ABOUT THIS EXERCISE:
Sift the material for lines containing "thumbnail", and return them.

------ TASK DATA

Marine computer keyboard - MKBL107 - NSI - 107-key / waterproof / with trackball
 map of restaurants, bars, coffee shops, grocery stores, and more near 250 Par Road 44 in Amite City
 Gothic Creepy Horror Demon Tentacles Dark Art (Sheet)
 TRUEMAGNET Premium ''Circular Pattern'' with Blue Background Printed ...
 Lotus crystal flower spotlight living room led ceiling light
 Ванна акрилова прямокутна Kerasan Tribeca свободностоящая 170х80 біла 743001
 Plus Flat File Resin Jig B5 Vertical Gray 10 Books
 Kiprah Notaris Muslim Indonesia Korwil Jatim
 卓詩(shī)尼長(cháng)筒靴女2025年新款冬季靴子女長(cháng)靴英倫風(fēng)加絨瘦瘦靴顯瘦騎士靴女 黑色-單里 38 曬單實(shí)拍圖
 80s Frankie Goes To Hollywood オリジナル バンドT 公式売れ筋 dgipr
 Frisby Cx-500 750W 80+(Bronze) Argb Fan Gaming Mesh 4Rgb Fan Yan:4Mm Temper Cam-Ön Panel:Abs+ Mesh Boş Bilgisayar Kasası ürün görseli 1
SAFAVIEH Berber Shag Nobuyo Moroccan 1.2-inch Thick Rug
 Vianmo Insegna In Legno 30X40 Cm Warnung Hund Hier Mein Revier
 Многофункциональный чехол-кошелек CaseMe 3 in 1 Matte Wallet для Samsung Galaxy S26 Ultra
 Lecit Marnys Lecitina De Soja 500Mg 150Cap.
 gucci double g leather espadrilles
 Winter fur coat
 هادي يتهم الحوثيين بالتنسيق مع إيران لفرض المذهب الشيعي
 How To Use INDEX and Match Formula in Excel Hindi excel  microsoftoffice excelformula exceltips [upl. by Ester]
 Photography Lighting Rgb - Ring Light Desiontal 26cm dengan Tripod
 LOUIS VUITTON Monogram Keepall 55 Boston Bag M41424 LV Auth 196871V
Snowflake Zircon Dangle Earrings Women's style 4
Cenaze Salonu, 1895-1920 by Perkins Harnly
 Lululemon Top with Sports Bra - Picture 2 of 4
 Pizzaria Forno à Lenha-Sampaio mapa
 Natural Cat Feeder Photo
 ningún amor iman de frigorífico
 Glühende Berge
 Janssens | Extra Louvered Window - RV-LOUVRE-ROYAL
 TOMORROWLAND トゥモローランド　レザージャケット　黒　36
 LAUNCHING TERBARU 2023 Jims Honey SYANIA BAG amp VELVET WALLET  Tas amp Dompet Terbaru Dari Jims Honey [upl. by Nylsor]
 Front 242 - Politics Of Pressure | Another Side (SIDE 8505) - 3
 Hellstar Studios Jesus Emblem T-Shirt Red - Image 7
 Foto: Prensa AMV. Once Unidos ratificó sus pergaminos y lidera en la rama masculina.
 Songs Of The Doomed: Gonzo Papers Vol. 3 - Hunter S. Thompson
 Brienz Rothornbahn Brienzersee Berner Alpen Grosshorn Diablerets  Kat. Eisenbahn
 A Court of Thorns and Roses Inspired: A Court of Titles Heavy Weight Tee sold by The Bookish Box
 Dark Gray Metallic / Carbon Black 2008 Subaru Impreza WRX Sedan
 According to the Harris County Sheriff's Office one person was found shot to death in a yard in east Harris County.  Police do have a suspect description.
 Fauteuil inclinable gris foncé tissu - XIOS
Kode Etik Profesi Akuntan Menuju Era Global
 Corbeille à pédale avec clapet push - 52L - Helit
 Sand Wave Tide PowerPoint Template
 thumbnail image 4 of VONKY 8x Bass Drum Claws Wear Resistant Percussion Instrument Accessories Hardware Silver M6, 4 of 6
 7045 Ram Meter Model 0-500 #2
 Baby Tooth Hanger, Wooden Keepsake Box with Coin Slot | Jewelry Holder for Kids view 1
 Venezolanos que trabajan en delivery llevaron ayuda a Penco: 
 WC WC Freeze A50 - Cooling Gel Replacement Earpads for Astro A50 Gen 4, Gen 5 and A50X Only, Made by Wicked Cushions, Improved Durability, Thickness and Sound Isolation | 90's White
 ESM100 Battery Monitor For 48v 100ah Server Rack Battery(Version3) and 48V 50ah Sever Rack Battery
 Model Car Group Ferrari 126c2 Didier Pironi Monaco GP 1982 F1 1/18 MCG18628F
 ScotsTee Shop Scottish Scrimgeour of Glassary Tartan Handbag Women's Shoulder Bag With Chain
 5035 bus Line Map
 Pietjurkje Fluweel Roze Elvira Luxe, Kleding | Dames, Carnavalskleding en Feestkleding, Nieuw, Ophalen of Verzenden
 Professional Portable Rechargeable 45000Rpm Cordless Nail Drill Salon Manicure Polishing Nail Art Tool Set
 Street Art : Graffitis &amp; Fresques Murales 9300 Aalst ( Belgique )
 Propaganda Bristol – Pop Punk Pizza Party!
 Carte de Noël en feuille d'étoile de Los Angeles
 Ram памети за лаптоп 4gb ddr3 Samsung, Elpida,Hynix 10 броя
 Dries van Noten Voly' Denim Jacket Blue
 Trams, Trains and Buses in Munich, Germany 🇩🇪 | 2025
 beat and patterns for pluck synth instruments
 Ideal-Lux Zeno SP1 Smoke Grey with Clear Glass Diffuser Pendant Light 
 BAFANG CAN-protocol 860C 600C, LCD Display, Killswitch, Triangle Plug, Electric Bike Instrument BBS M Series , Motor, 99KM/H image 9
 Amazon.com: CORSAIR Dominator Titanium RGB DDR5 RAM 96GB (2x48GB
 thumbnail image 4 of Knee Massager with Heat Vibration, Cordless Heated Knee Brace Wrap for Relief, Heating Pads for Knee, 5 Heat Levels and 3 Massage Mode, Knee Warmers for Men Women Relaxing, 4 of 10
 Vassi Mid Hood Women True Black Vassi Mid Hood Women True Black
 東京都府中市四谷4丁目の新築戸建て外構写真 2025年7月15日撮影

------------

WRITTEN REPLY:
 thumbnail image 4 of VONKY 8x Bass Drum Claws Wear Resistant Percussion Instrument Accessories Hardware Silver M6, 4 of 6
 thumbnail image 4 of Knee Massager with Heat Vibration, Cordless Heated Knee Brace Wrap for Relief, Heating Pads for Knee, 5 Heat Levels and 3 Massage Mode, Knee Warmers for Men Women Relaxing, 4 of 10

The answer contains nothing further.